Doctrines "Pharisees" is the term applied in the last two centuries of the Second Temple Period to Jewish lay scholars, teachers and leaders, based in the synagogue with the responsibility of explaining to ordinary Jewish men and women how to live their lives according to the Law (Torah). In contrast to the aristocratic, Temple-based "Sadducees", they accepted the Prophets and other Writings as sacred scripture, in addition to the Torah (the Five Books of Moses), and believed in the divine authority of the Oral Torah, a body of tradition handed down by word of mouth alongside the Written Torah. They developed sophisticated exegetical methods derived from Greek scholarship, to help them find scriptural authority for their beliefs and practices. Closer than the Sadducees to popular beliefs and traditions, they accepted the doctrine of the resurrection of the dead, belief in angels and demons, and a form of divine predestination that left room for free will.

History The origin of the Pharisees is probably to be found in the "Hasidim" of the Maccabean period. These were the Jews who remained zealously faithful to their religion despite the pressures of hellenization and religious persecution. They were organized in small brotherhoods or fellowships, and for the most part kept aloof from the ruling powers in Jerusalem. They steadily gained authority among the majority of the Jewish people, however, as a result of their controlling interest in the establishment and development of synagogues throughout the Jewish world.
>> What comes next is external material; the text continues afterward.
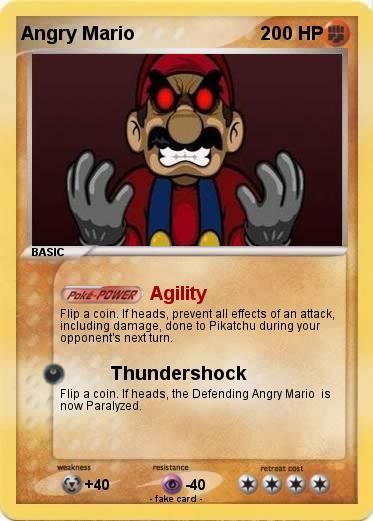 Pokemon Angry Mario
According to one source, by the end of the period there were 400 synagogues in the city of Jerusalem alone, and the Pharisees had a powerful voice in the Sanhedrin. When Jerusalem and the Temple were destroyed in 70CE, the Pharisees were the driving force in the Yavneh (Jamnia) community where Palestinian Judaism survived.

Symbols In addition to images derived from the Torah Scroll and the Temple, such as the menorah and the shofar (see Ancient Judaism), the lion of Judah, the dove (which can represent both Israel and the Spirit of God), and the tetragrammaton. Important images of divine communication include the "voice from heaven" (Bat Kol) and the divine presence (Shekinah).

Adherents According to contemporary Jewish literature there were 6000 Pharisees in Herod's reign ( 40-4 BCE), and 400 synagogues in Jerusalem alone.